**Exercise:** Find the line holding "Delivery being placed" in the entries below. Give it again exactly, along with every line after it up to and including the line holding "Outdoor potting table".

**Data records:**

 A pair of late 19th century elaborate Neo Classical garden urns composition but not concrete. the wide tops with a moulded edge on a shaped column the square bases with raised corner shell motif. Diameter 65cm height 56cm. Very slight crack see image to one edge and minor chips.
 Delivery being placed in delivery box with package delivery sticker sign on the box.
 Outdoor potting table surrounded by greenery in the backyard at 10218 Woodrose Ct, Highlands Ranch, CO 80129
==
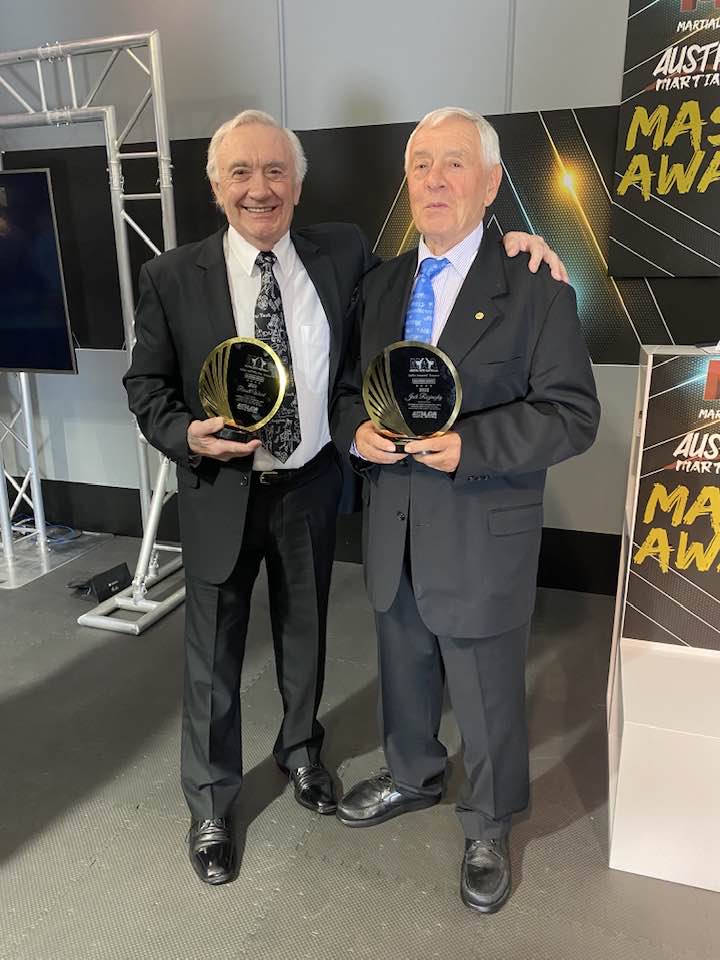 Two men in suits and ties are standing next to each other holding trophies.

**Answer:**
 Delivery being placed in delivery box with package delivery sticker sign on the box.
 Outdoor potting table surrounded by greenery in the backyard at 10218 Woodrose Ct, Highlands Ranch, CO 80129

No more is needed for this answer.